Noem blames Capitol insurrection on lack of civics education
South Dakota Gov. Kristi Noem blames an inadequate education in American civics as the root cause of the insurrection at the U.S. Capitol
By STEPHEN GROVES Associated Press
January 15, 2021, 9:31 PM
• 2 min read
PIERRE, S.D. -- South Dakota Gov. Kristi Noem on Friday blamed an inadequate education in American civics as “the root cause” of the insurrection at the U.S. Capitol, while making no mention of President Donald Trump's role in the attack that sent Congress into hiding.
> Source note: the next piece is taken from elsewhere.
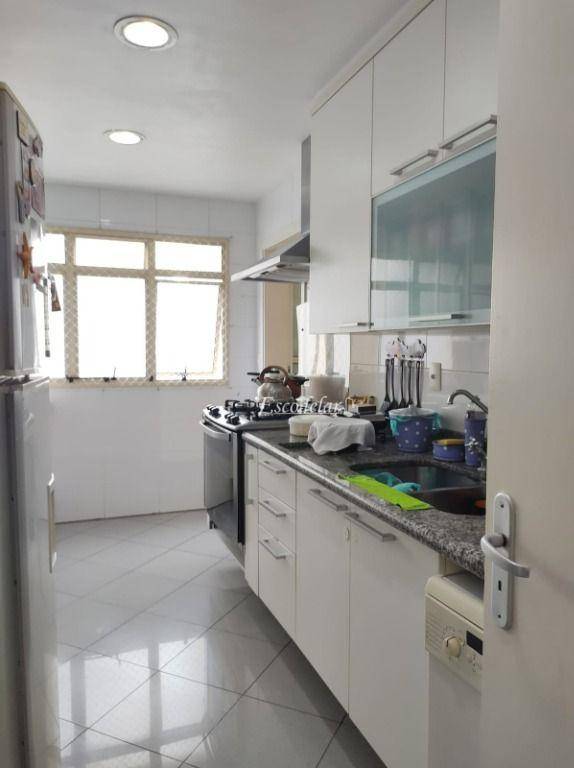 Apartamento à venda com 4 quartos, 180m² - Foto 10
The Republican governor is a close ally of the president, campaigned for him across the country and supported his efforts to contest the results of the presidential election. Since Trump's supporters stormed the U.S. Capitol last week, Noem has tried to deflect blame from the president while calling for an end to political violence.
“We have an opportunity to address the root cause of this problem: we must reform young Americans’ civic education,” Noem said in the column released Friday.
The governor declined an interview request Friday from The Associated Press, after avoiding two opportunities earlier in the week to take questions from reporters.
Her spokesman, Ian Fury, pointed to a recent op-ed in the conservative online magazine The Federalist in which she responded to Republicans blaming Trump for the attacks by saying, “If that’s all we get out of this, our future will be no different than our past.”
In her column, Noem called the storming of the Capitol appalling and “horrible to watch." But she did not address Trump's false allegations for weeks that the election had been stolen nor his rhetoric at a rally in Washington right before his supporters attacked the U.S. Capitol, leaving five people dead. The House voted this week to impeach Trump for a second time, on a charge of incitement of insurrection, and a trial awaits in the Senate.
Noem said the goal of the curriculum was to teach students that the United States “is the most unique nation in the history of the world.”
Despite recently saying that she is not interested in running for president in 2024, Noem has made moves that signal possible interest in trying to assume Trump’s role as the head of the GOP. She had a prime speaking spot at the Republican National Convention and this month spoke at the party’s winter meeting, which was considered a gathering of presidential hopefuls.